À l’occasion de la Journée mondiale du sourire (3 octobre 2025), une étude réalisée par FLASHS pour Cheerz révèle le rapport ambivalent des Français à ce geste universel. Tantôt spontané et chaleureux, tantôt contraint et perçu comme une obligation, le sourire reflète les tensions entre authenticité et façade sociale.
Un geste universel… mais pas toujours valorisé
L’étude révèle que 62 % des Français ont déjà été complimentés sur leur sourire, tandis que 38 % n’en ont jamais entendu parler. Dans l’ensemble, 6 Français sur 10 déclarent aimer leur sourire, mais sans enthousiasme marqué.

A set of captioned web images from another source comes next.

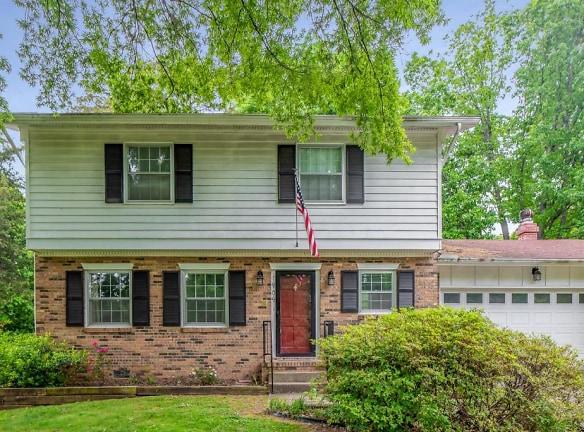 1909 Capri Dr NE Huntsville, AL 35811 - Home For Rent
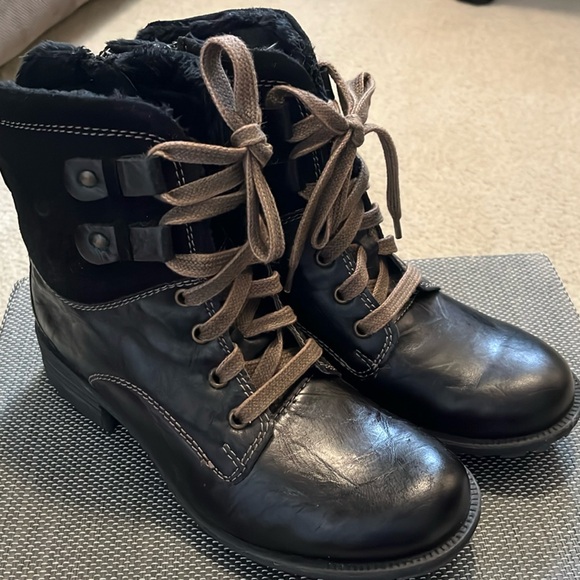 Josef Seibel Shoes - 👣Josef Seibel Side Zip & Lace Black Fall/Winter Boot with stitching detail.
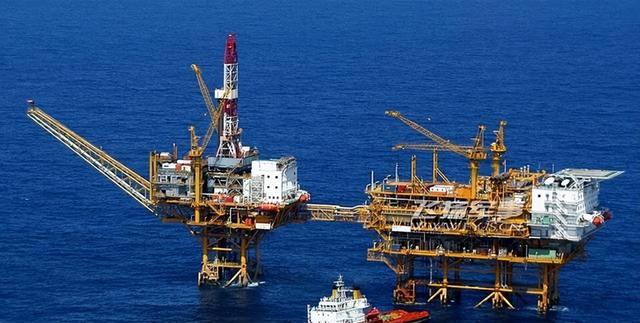 山东传来一声巨响	，中国在海底挖出“第二国库”，突破技术封锁！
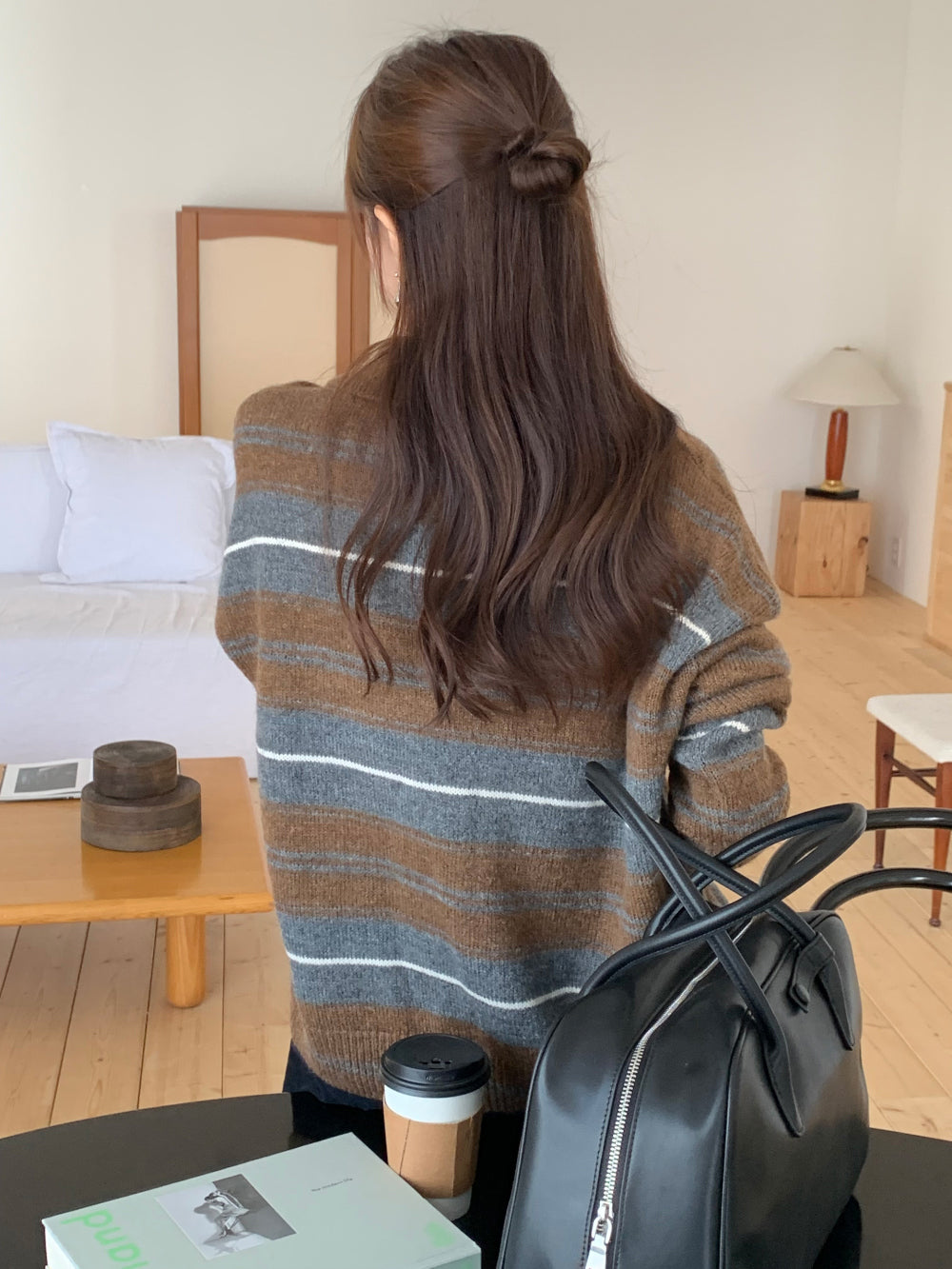 Swan s.t collar knit-2col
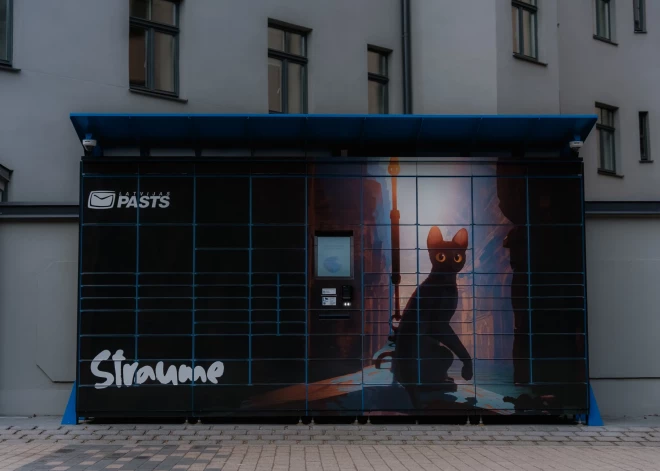 "Поток" плывет по Риге: Latvijas Pasts посвятил арт-пакомат обладателю "Оскара"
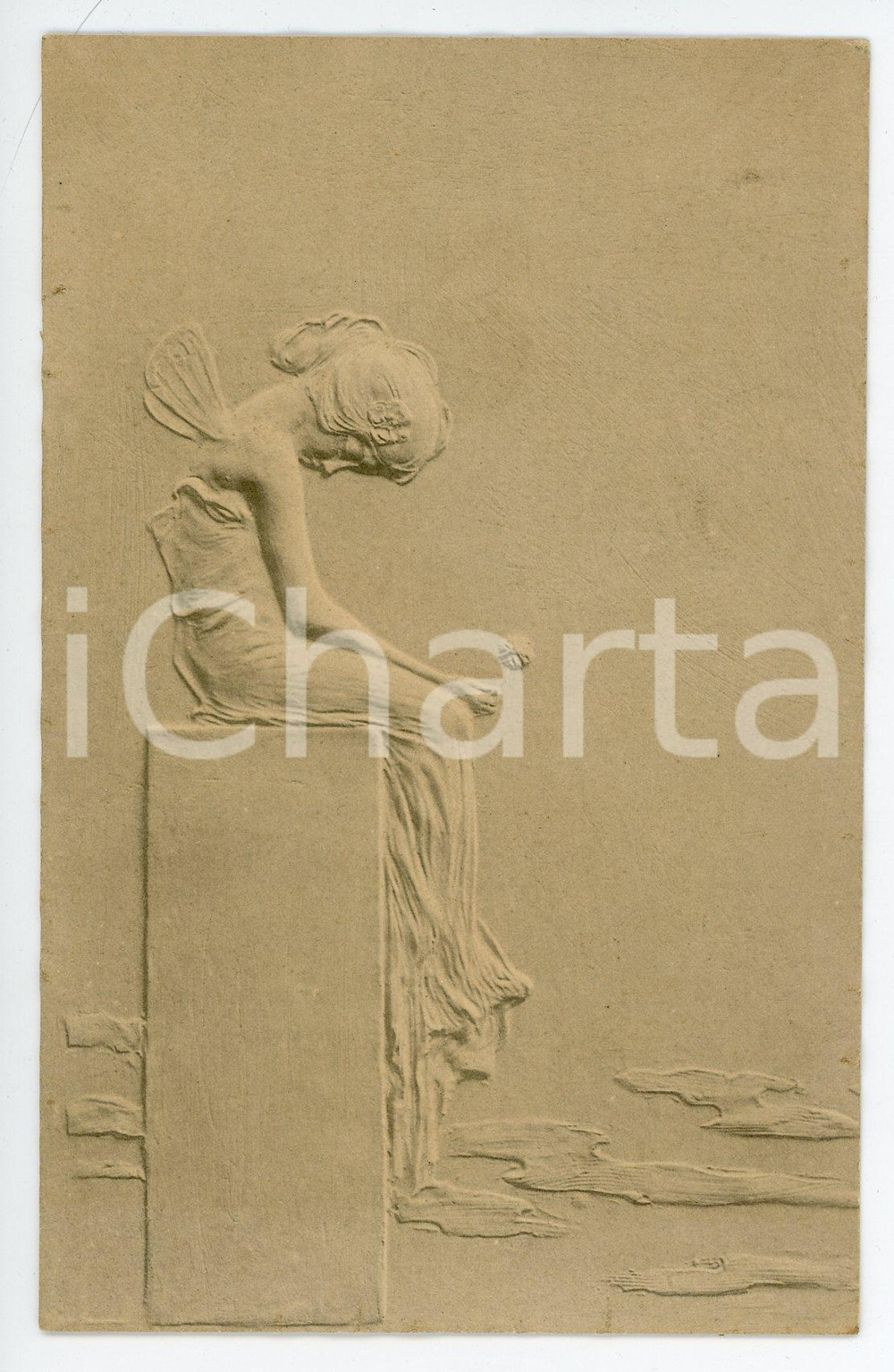 1900 ca ART NOUVEAU Raphael KIRCHNER Girl - Postcard embossed M. M. VIENNE (1)  Pregevole cartolina postale d'epoca, illustrata, non viaggiata, con margini a rilievo.CONDIZIONI: G FORMATO: FP    originale e autentica 1
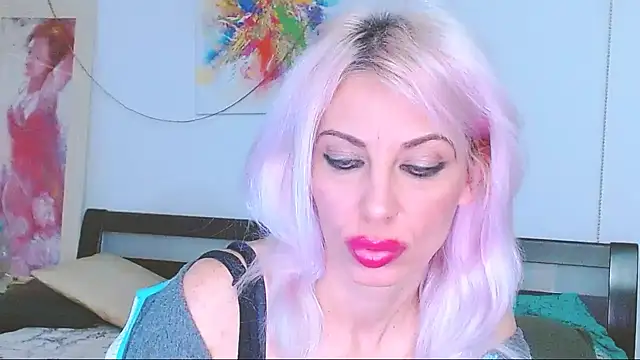 HoneyLara online show from March 16, 2:10 am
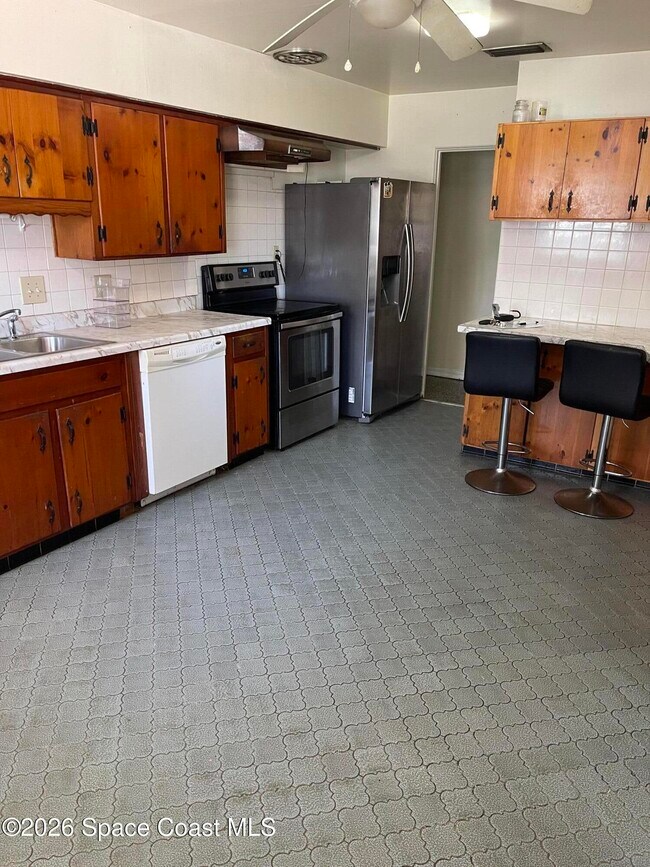 Building Photo - 1601 Virginia Dr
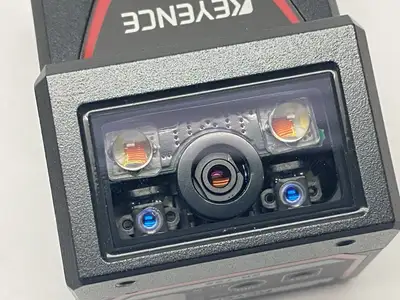 USED KEYENCE ETHERNET-COMPATIBLE 2D CODE READER LONG-DISTANCE TYPE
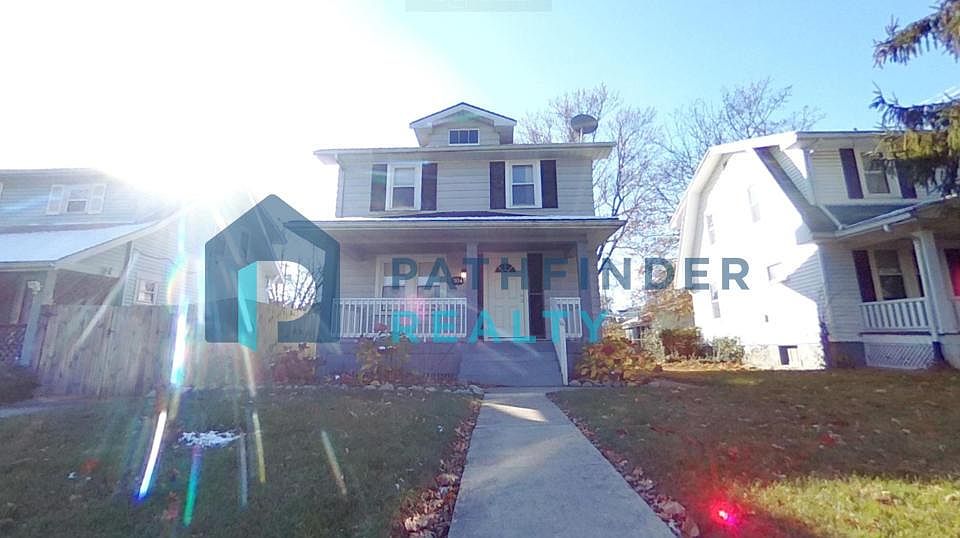 1st image of 304 Knecht Dr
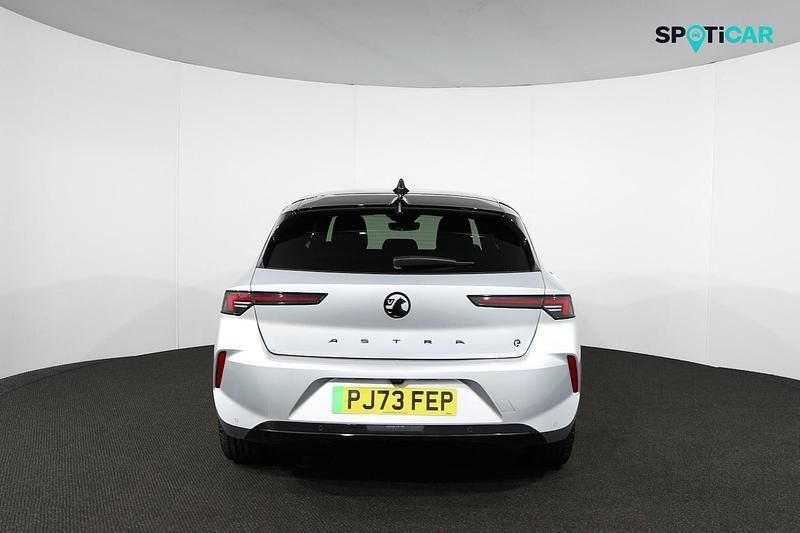 Used Vauxhall Astra Ultimate 114 kW (156 HP) 2023 Grey Hatchback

Les multiples fonctions du sourire
Le sourire n’est pas seulement spontané. Pour 41 % des répondants, il sert avant tout à « faire bonne figure », tandis que 30 % l’utilisent pour rassurer les autres et 25 % pour améliorer leur humeur.
À l’inverse, 12 % affirment ne jamais sourire lorsqu’ils ne vont pas bien.
Le poids des sourires contraints
Derrière son apparente légèreté, le sourire peut devenir une façade sociale. Plus de la moitié des personnes interrogées avouent sourire sans envie réelle, y compris entre amis (56 %), en famille (54 %), au travail (34 %) ou devant une photo (34 %).
Un quart des Français (28 %) disent même forcer leur sourire face à des inconnus.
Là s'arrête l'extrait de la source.